In some formulations of ZF, the axiom of empty set is actually repeated in the axiom of infinity. However, there are other formulations of that axiom that do not presuppose the existence of an empty set. The ZF axioms can also be written using a constant symbol representing the empty set; then the axiom of infinity uses this symbol without requiring it to be empty, while the axiom of empty set is needed to state that it is in fact empty.

Furthermore, one sometimes considers set theories in which there are no infinite sets, and then the axiom of empty set may still be required. However, any axiom of set theory or logic that implies the existence of any set will imply the existence of the empty set, if one has the axiom schema of separation. This is true, since the empty set is that subset of any set consisting of those elements that satisfy a contradictory formula, for example $\varnothing = \{u \in w \mid u \neq u \}$.

In many formulations of first-order predicate logic, the existence of at least one object is always guaranteed. If the axiomatization of set theory is formulated in such a logical system with the axiom schema of separation as axioms, and if the theory makes no distinction between sets and other kinds of objects (which holds for ZF, KP, and similar theories), then the existence of the empty set is a theorem.

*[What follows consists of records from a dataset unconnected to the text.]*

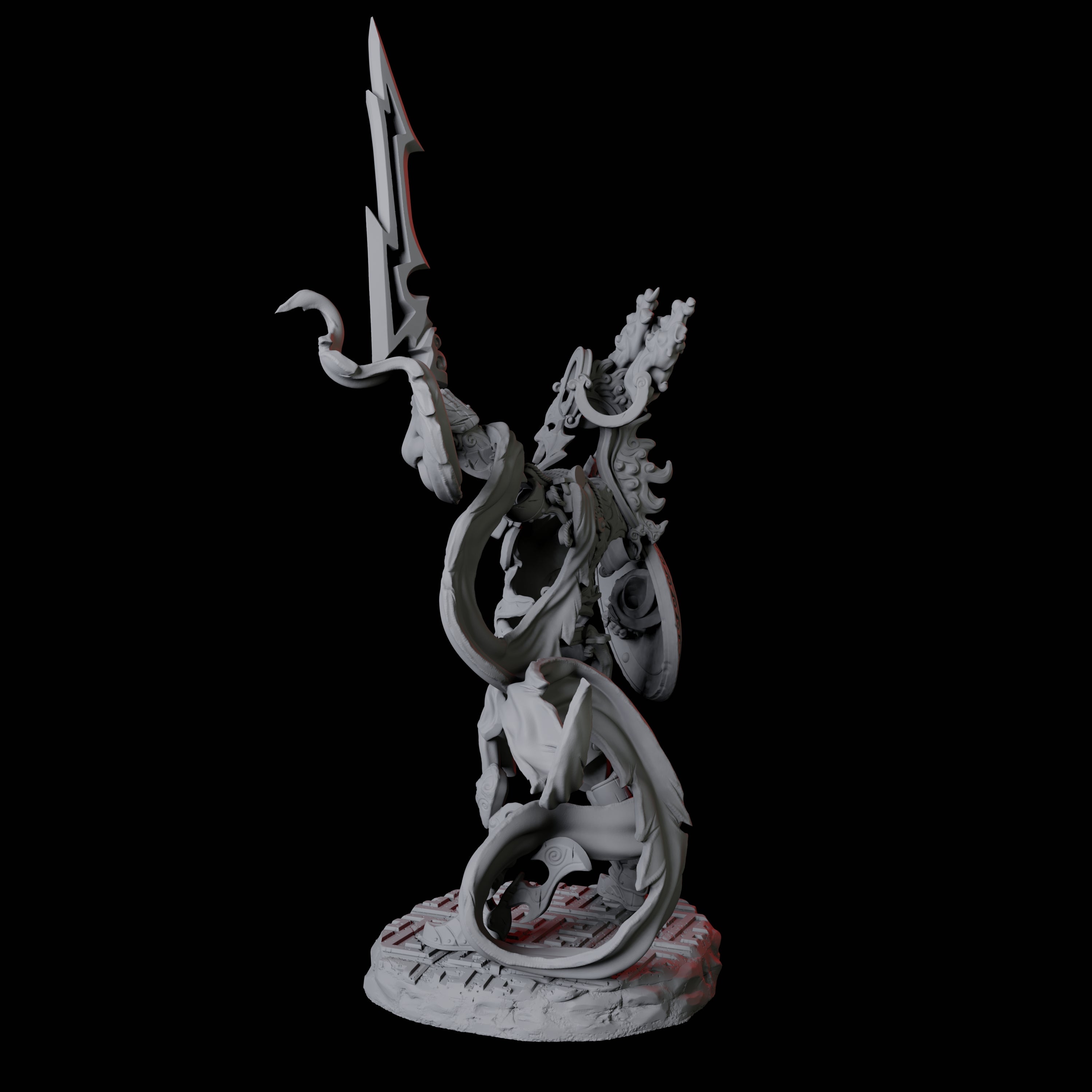 Shield Guardian B Miniature for Dungeons and Dragons, Pathfinder or other TTRPGs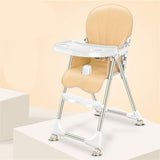 Baby Dreams Child Highchair Baby Booster Seat High Chair Portable Kids Dinner Chair With Tray Feeding Plate Table Anti-slip Safe Comfortable Adjustable Height Foldable Feeding Baby For Baby Toddlers Children BD133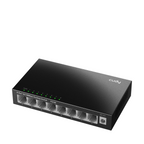 Cudy FS108 Switch, 8-Port 10/100 Mbps RJ45, Metal Casing, Black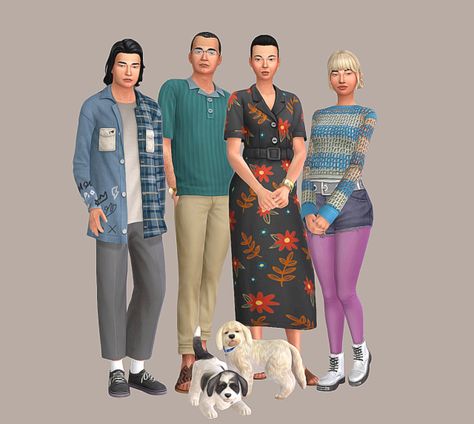 the Gao family Sims 4 Family Ideas People, Sims 4 Family Ideas, Sims 4 Family, Family Ideas, Long Time No See, No See, Ts4 Cc, The Sims, Sims 4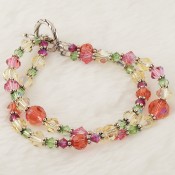Hibiscus Double Bracelet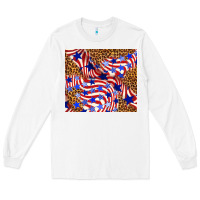 White 4th of july patriotic usa Long Sleeve Tee - TumblerDesignByShophia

If separation is not postulated as an axiom schema but derived as a theorem schema from the schema of replacement (as is sometimes done), the situation is more complicated and depends on the exact formulation of the replacement schema. The formulation used in the axiom schema of replacement article only allows to construct the image F[a] when a is contained in the domain of the class function F; then the derivation of separation requires the axiom of empty set. On the other hand, the constraint of totality of F is often dropped from the replacement schema, in which case it implies the separation schema without using the axiom of empty set (or any other axiom for that matter).